What happened in Thailand is part of the same development. The three most populous countries in Asia - China, India and Indonesia - are now planting genetically modified cotton.

Several other Asian countries including Japan, the Philippines, Malaysia and Pakistan are earmarking huge funds for private and government-sponsored research on biotech crops. On the face of it, the new development looks like a shift in embracing the new technology from Americas to Asia.

In April this year, India approved another Bt cotton variety for the central and southern regions amidst reports that the go-ahead came without adequate scientific testing.

Although Davinder Sharma, a well-known Indian agricultural scientist and activist, finds India fast turning into a "dustbin" for the new technology, it seems it's not the India alone, the whole of Asia is becoming a GM 'dustbin'.

In a recent commentary, Sharma observed that while Britain has set in place a tough regulatory regime making the companies liable for any environmental mishap, India continues to ignore the warning. The regulations announced at the time of according approval to Bt cotton in 2002 were only aimed at pacifying the media.

India, Sharma says, has become a favoured destination for the biotechnology industry that is, otherwise, on the run from the US, European Union and Australia. In Europe, a 2002 survey showed 61 per cent of the private sector cancelled R&D as a result of moratorium actions.

With highly critical reports of regulatory mechanism coming in from respectable independent institutions, the trend in US is also towards still tougher regulations thereby forcing biotechnology companies to grow the next generation of GM crops in abandoned mines, using artificial lighting and air filtration to prevent pollen movement.

In India, on the other hand, genetic engineering experiments are being conducted on cotton, maize, mustard, sugar cane, sorghum, pigeonpea, chickpea, rice, tomato, brinjal, potato, banana, papaya, cauliflower, oilseeds, castor, soyabean and medicinal plants.

Experiments are also underway on several species of fish. In fact, says Sharma, such is the desperation that scientists are trying to insert Bt gene into any crop they can lay their hands on, not knowing whether this is desirable or not.

The mad race for GM experiments is the outcome of more funding from the biotech companies as well as support from the World Bank, FAO and the Consultative Group on International Agricultural Research (CGIAR).

In Britain, food companies still stick to non-GM alternatives as new evidence shows that the British consumer continues to refuse to buy foods containing biotech ingredients. More than sixty per cent of those polled on behalf of a consumer magazine said they were concerned about the use of GM material in food production.

Switzerland does not think that genetically modified crops are the only way to combat global hunger and that not enough research has been carried out into the impact of gene technology.

The Ethics Committee on Non-Human Gene Technology set up recently by the Swiss government has recommended closer coordination of state-funded research programmes in an effort to help improve the provision of food in the developing world.

The committee's report comes less than four months after the United Nations Food and Agriculture Organization (FAO) published a study into the environmental effects of GM crops and found that biotechnology could help farmers in the developing world by increasing both the amount and quality of crops grown.

It is for the first time that the FAO has favoured biotechnology in food production. Its report says that genetic modification could even create crops that target the specific problems and needs of developing countries.

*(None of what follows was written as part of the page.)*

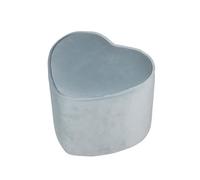 roba Tabouret pour enfants en forme de cœur "Lil Sofa", tabouret confortable, avec tissu velours en sky/bleu clair, Pouf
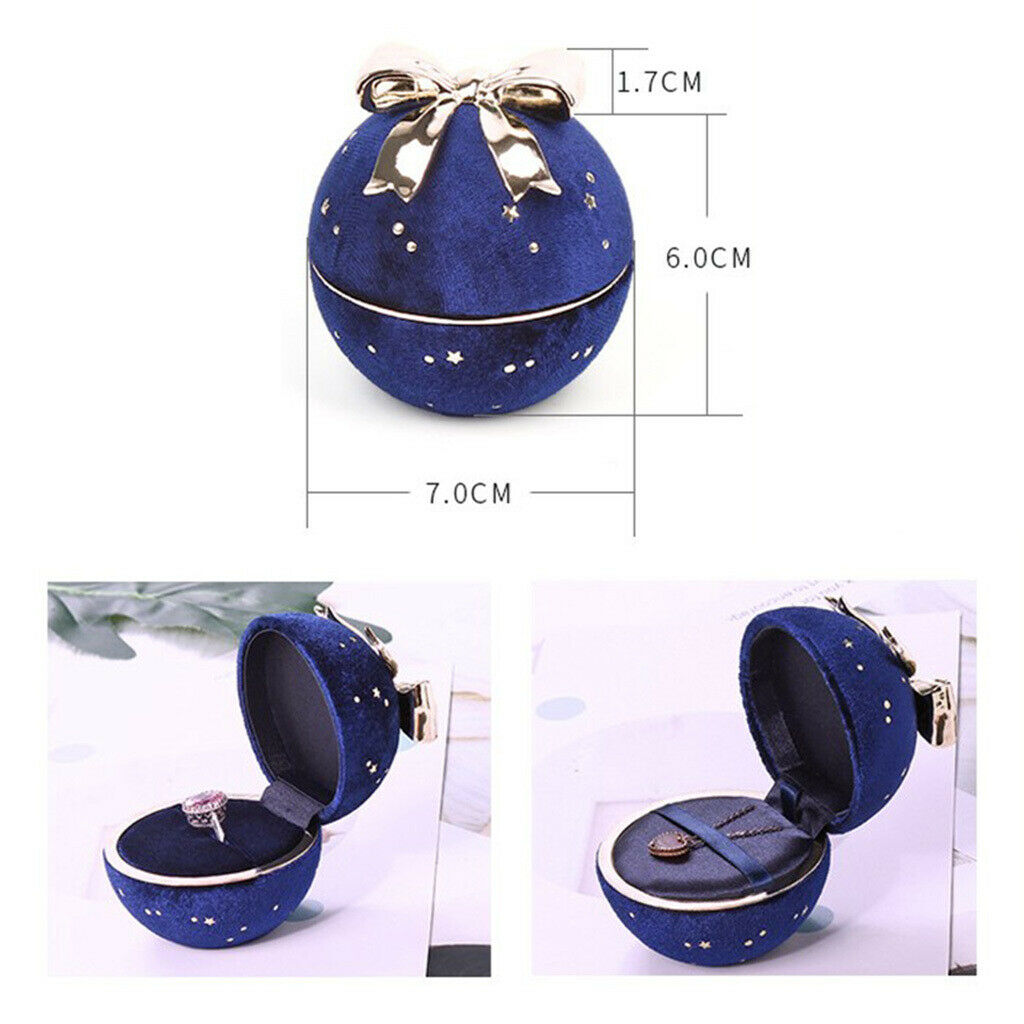 2 lot Round Necklace Pendant Box Jewelry Display Storage Case Gift Box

But the Swiss ethics committee said that it is a simplification to assume that the food situation will fundamentally improve by relying on gene technology. The scientific community, it said, must consider other options, because alternative methods are often more promising and produced better results.

The fact remains that people in both the developed and developing countries have the same right to a sufficient and healthy diet and that they were entitled to decide for themselves how the food they eat should be produced. But it is vital to ensure that the use of gene technology in developing countries does not lead to tensions within a society or between states.